Ok, so about a year ago I built my first PC. I used an Asus P5GDC motherboard and an Intel LGA775 P4/3 GHz CPU.

From the beginning, my CPU ran hot...idled in the high 50's and would get to the high 70's when it was loaded down.

Within the past month, the cooling pefromance has decline. If I'm doing anything computationally intensive, the CPU temp routinely gets to 80 or 81 degrees C which then sets off an alarm.

My case has 4 fans in it so the air flow should be ok.

Has anyone out there experienced this? If so, what is the best solution?
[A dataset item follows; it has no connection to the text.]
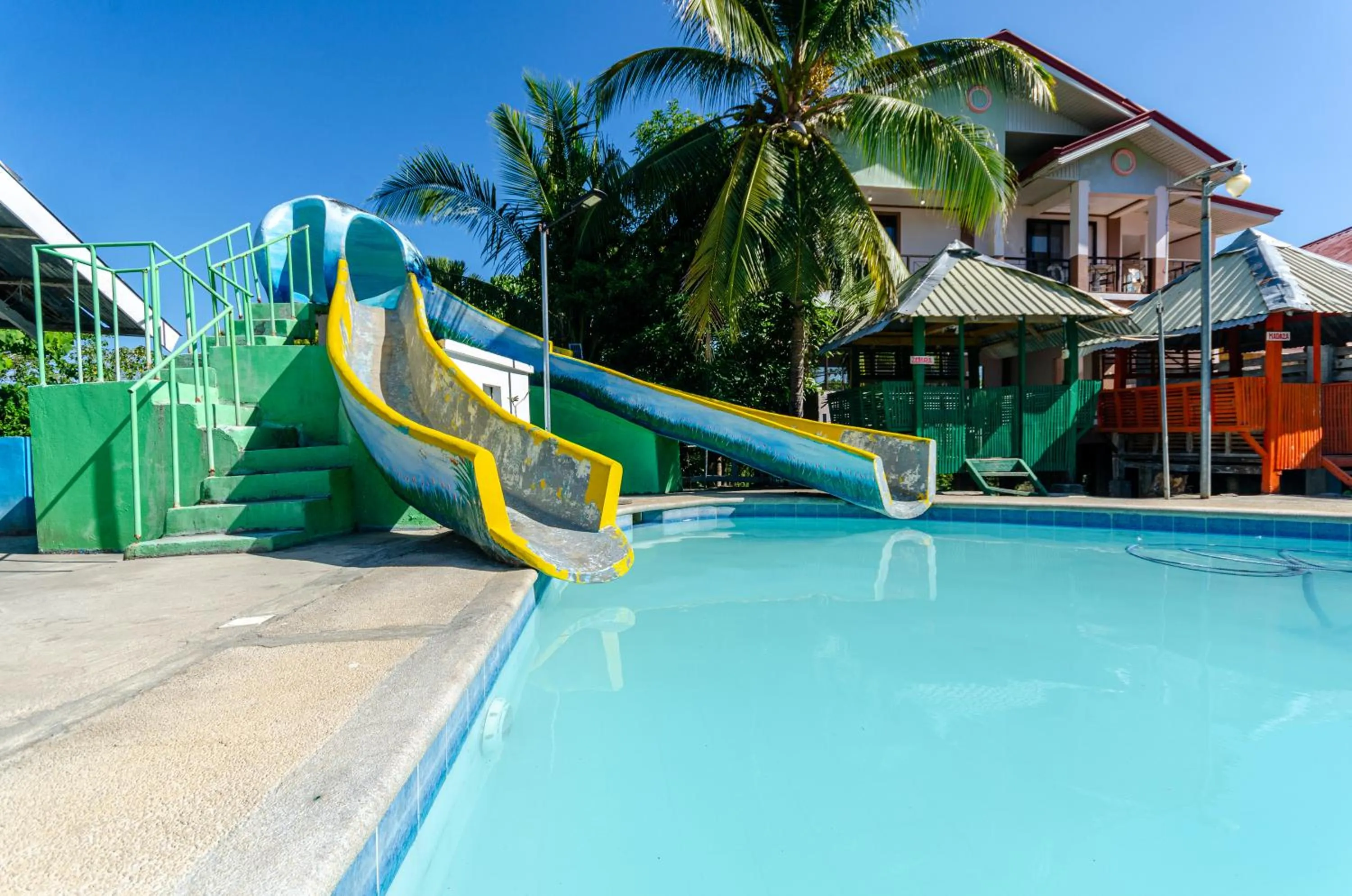 Swimming pool in Magsaysay Hillside Resort powered by Cocotel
Any suggestions would be appreciated.

More about : overheating problem

November 17, 2005 11:31:31 PM

Cleaning si very important to todays high powered systems.
If you have a vacuum with a blow function, unplug your system, take the side panel off, and take it outside (protected from rain etc) Then use the vacuum to blow all the dust out of the case. Remember the power supply.
Speaking of power supplies, does yours have a large (80mm) fan on the bottom? If not, think about getting one, as these are very good at removing heat from thr cpu area.
Also make sure you have as much fan power blowing air into the case, as blowing air out. Too many fans blowing air out just cause backpreasure.
November 17, 2005 11:44:25 PM

Be very careful using a vacuum (blowing or sucking). They produce an amazing amount of static electricity. That is why compressed air is preferable. Your best cleaning will be done with alcohol and cloth. Or removing, soaking and drying.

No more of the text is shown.